Screen: Dragon Fly 120" - 1.2 gain
Projector: Panasonic PT-AE4000U
Seating: (7) Black Leather Recliners
Audio: Onkyo TX-NR3007 operating 9.2 surround mode
Speakers: Episode HT650 at LF, CTR, RF
Speakers: Episode ES 700 Series at Surrounds and Rears
Speakers: Episode 500 Series at Left High and Right High
Subs: Episode 12" 300 watt (2)
BluRay: Sony 400 Disc
Cable: HD Cable DVR
Stream: Netflix Roku Player
Lighting: HAI UPB Lighting with 7 loads and room controller
Control: HAI Omni Touch 10p Touchscreen (10")
Automation: HAI Omni Pro II, HAI Home Theater Extender, Linkys Router
Rack: SnapAV Strong Rack
Features: Fiber Optic Starlight above center lighting fixture
Dimensions: 22' X 14'


----------



## Dale Rasco

Looks absolutely awesome!!


----------



## spartanstew

Very nice.

Is that your equipment rack behind the doors to the right of the screen (on right wall)?

Sides and back speakers behind the fabric walls?

What's the blue light behind the panel to the right of the screen?

I'm guessing it's a completely false front wall?

Any build pics?


----------



## fitzwaddle

Awesome room!

Are you Darryl Dawkins?


----------



## Homeincontrol

spartanstew said:


> Very nice.
> 
> Is that your equipment rack behind the doors to the right of the screen (on right wall)?
> 
> Sides and back speakers behind the fabric walls?
> 
> What's the blue light behind the panel to the right of the screen?
> 
> I'm guessing it's a completely false front wall?
> 
> Any build pics?


Yes, equipment, fronts, and subs behind fabric covered front wall with access doors on each side.

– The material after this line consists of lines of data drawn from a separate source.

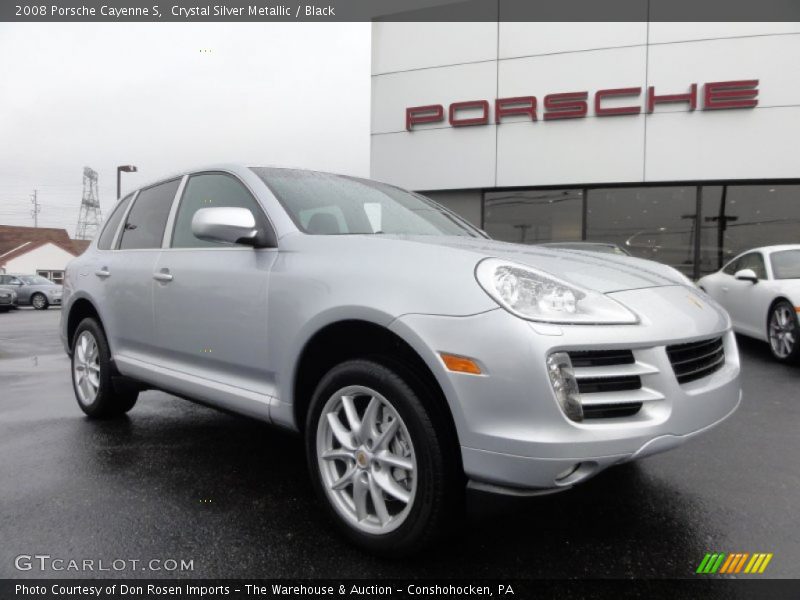 Crystal Silver Metallic / Black 2008 Porsche Cayenne S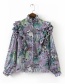 Vintage Multi-color Flower Shape Decorated Shirt
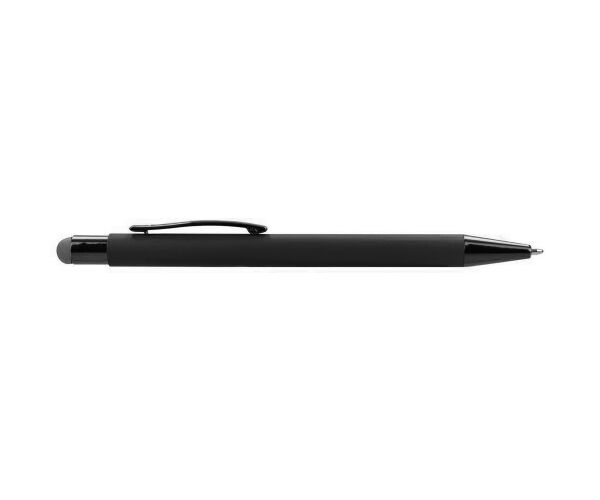 Propiska metal Talin Black soft touch černo-stříbrná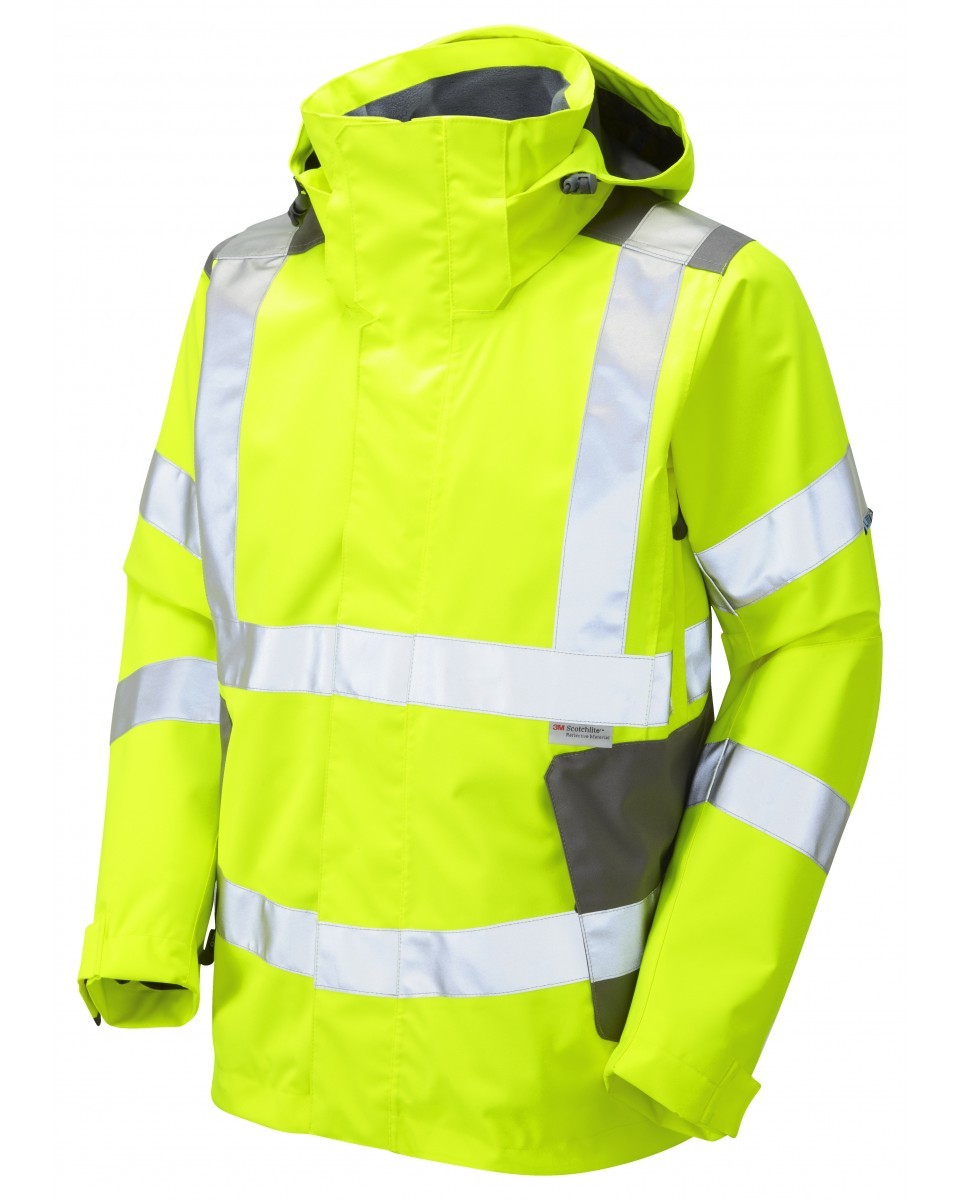 Leo Workwear Exmoor ISO 20471 Cl 3 Breathable Jacket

Side and rear speakers behind custom built sound panels.


----------



## Homeincontrol

fitzwaddle said:


> Awesome room!
> 
> Are you Darryl Dawkins?


No, not DD! LOL


----------



## Jasonpctech

Wicked nice, you had me at Chocolate Thunder. What a great name got a Marquee yet?
If not a name like that needs a logo.


----------



## celica_pete21

Wow! Very very cool! I see pictures like these and become jealous immediately! :T


----------



## tonyvdb

No kidding, Makes me jealous also. Thats one of the nicer rooms I have seen on here. Very well done :T


----------



## gorb

Beautiful theater! The seating, flooring, lighting, everything, it all looks great.


----------



## Prof.

Very nicely done..looks very impressive! :TT
I particularly like the ceiling light..


----------



## rob189pk

This setup is totally awesome!! Nice work! :T


----------



## Homeincontrol

Thanks again for all the great comments, it makes me feel all warm and fuzzy inside. On my wish list is a HTPC or a MAC. Wish me luck!


----------



## FinanceBuzz

VERY, VERY nice! Looks incredibly well done with great attention to detail!


----------



## RedZone

My son and I also like the name..outstanding workmanship !


----------



## Ezzemo

Great choice in colours.
The floor at first game me a weird impresion as it was wire or something but probably because it was only a 2D photo.
Absolutly bautiful. Congratulations!


----------



## MrACE

Amazing Setup Man.. Congrats.. How much was the total cost


----------



## grindstaff3

Amazing. DIY?


----------



## Picture_Shooter

Everything about this setup looks amazing!!
I have a question about your flooring.

Is that carpet under the tile or is it a runner? Kind of hard to see, but thanks for clearing my question up


----------



## Zeitgeist

Looks great! Love the subdued color scheme!


----------



## Homeincontrol

Picture_Shooter said:


> Everything about this setup looks amazing!!
> I have a question about your flooring.
> 
> Is that carpet under the tile or is it a runner? Kind of hard to see, but thanks for clearing my question up


The granite tile was installed as a border around the room, then the carpet was installed inside the granite tile border.


----------



## paul7900

Amazing room! Im just starting one and really like your colour scheme, best ive seen on here without a doubt.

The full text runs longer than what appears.